Stocks Oversold At Extremes

Stocks Oversold - Another Down Day

The stock market had another weak trading session on Thursday. The S&P 500 fell 2.06% and the Russell 2000 fell 1.91%.

On the bright side, some of the hardest hit groups outperformed. The Nasdaq only fell 1.25%. EEM emerging markets ETF fell 1.01%.  Facebook stock rose 1.3%. I’m not saying it wasn’t a bad day. I’m just looking for positive action to help me figure out when the market will hit a floor.

Stocks Oversold - Time For A Bounce

Many indicators are signaling the stock market is oversold. As you can see from the chart below, the 14 day relative strength index of the S&P 500 is at 23.02. This is well into oversold territory which begins at 30.

It’s below the trough reached earlier this year. The S&P 500 is down 6.9% from its recent peak and earlier in the year it fell 10%. The RSI show the S&P 500 is the most oversold since August 2015. The market quickly recovered from that correction.

The S&P 500 is in a 6 day losing streak which is the longest since late 2016. It fell below its 200 day moving average. I don’t follow the 200 day moving average closely.

The fundamentals of the economy and earnings determine my intermediate term outlook.
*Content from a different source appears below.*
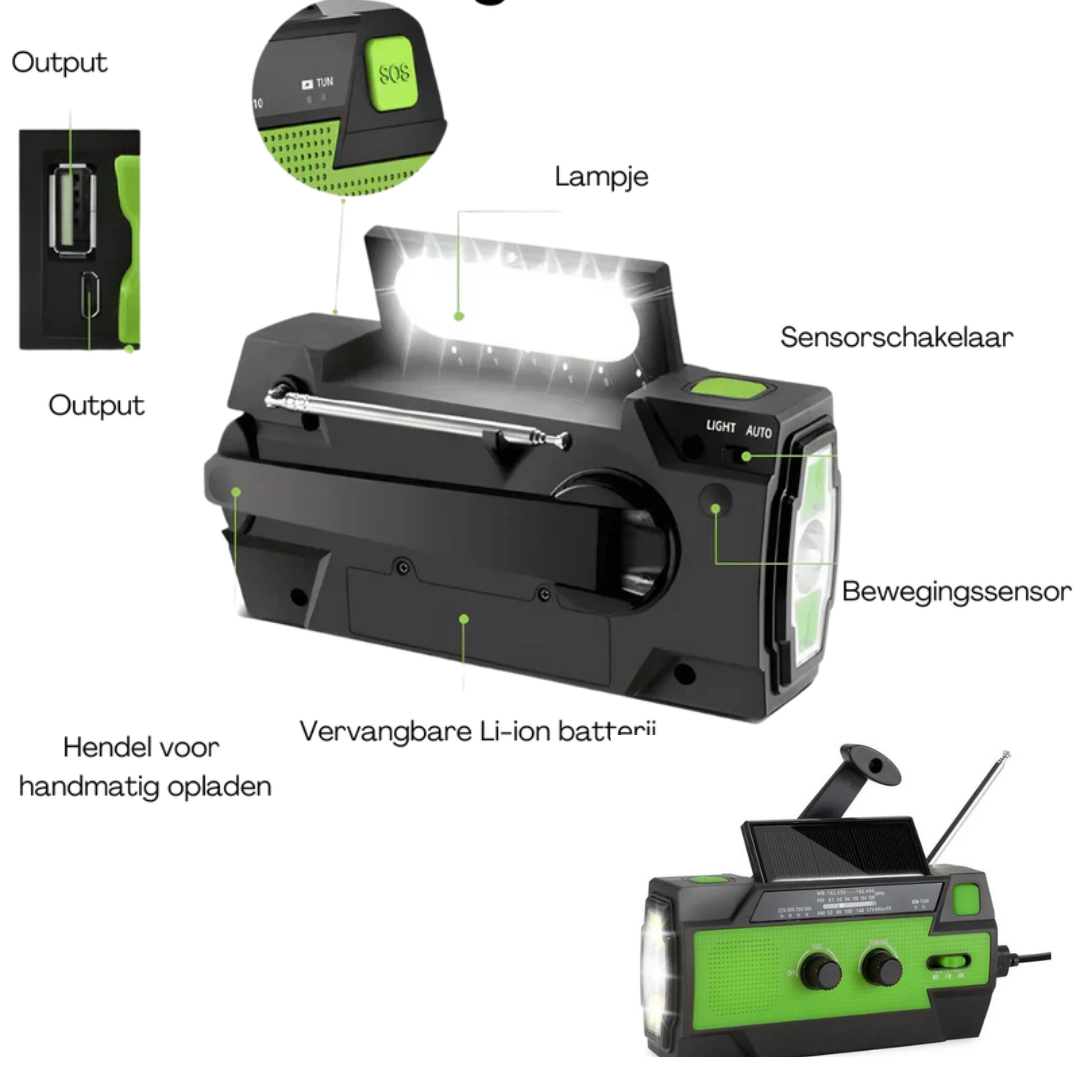 SecurePulse — Your life-saving energy source for any emergency | Kalsten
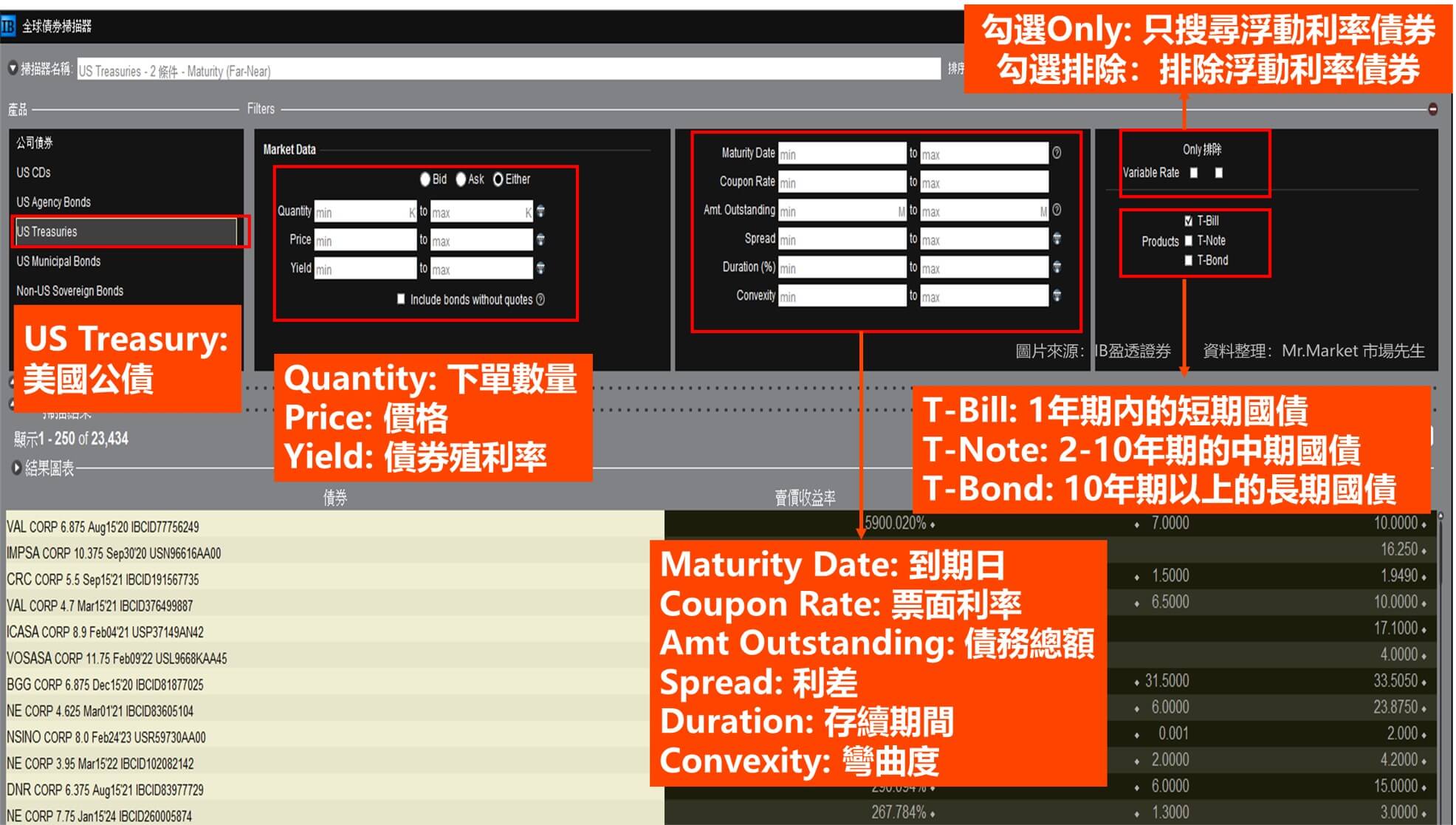 中国人如何购买美国国债（美国公债）？【盈透证券购买美债图文教程】-图片11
My point here is I don’t think the bull market is over because it fell through that level.

This has been a terrible week as the S&P 500 is down 5.5%. It would be its worst weekly performance since March if the week ended on Thursday.

This will be the first 3 week losing streak since June 2016. As you can see from the chart below, the CNN Fear and Greed index closed at 5 out of 100.  It signals there is extreme fear in the marketplace.

The chart shows this is a similar panic level to the correction this winter.

Stocks Oversold - Details Of The Market

The VIX was up 8.8% to 24.98 and gold was up 2.96% to $1,224.52. The best performer in the S&P 500 was the gold miner, Newmont Mining, which it increased 7.1%.

Oil fell 3% on Thursday and 2.4% on Wednesday because of this ‘risk off’ action which implies the global economy will weaken.

The dollar fell 0.45% to $95.03 which keeps it in the range it has been in for the past 4 months. The best sectors were communication services and materials as they fell 0.84% and 1.2%.

Both Twitter and Snap rallied after being crushed for the past few weeks. They increased 0.78% and 3.26%. The worst sectors were the financials and energy as they fell 2.93% and 3.09%.

The long bond has been a flight to safety recently, but not as much as you’d expect with such a large decline in stocks. The 10 year yield peaked at 3.23% and is now at 3.15%. I find it interesting that the stock market sold off after the 10 year yield increased.

If you think this is a rate driven selloff, you are saying the stock market had a delayed reaction. I don’t believe that. The 10 year yield fell 1 basis point and the 2 year yield rose 1 basis point to 2.85%.

The curve flattened as the difference between the 2 bond yields is only 30 basis points. Even after this correction in the S&P 500, the chance of at least 1 rate hike by December is 76.3%.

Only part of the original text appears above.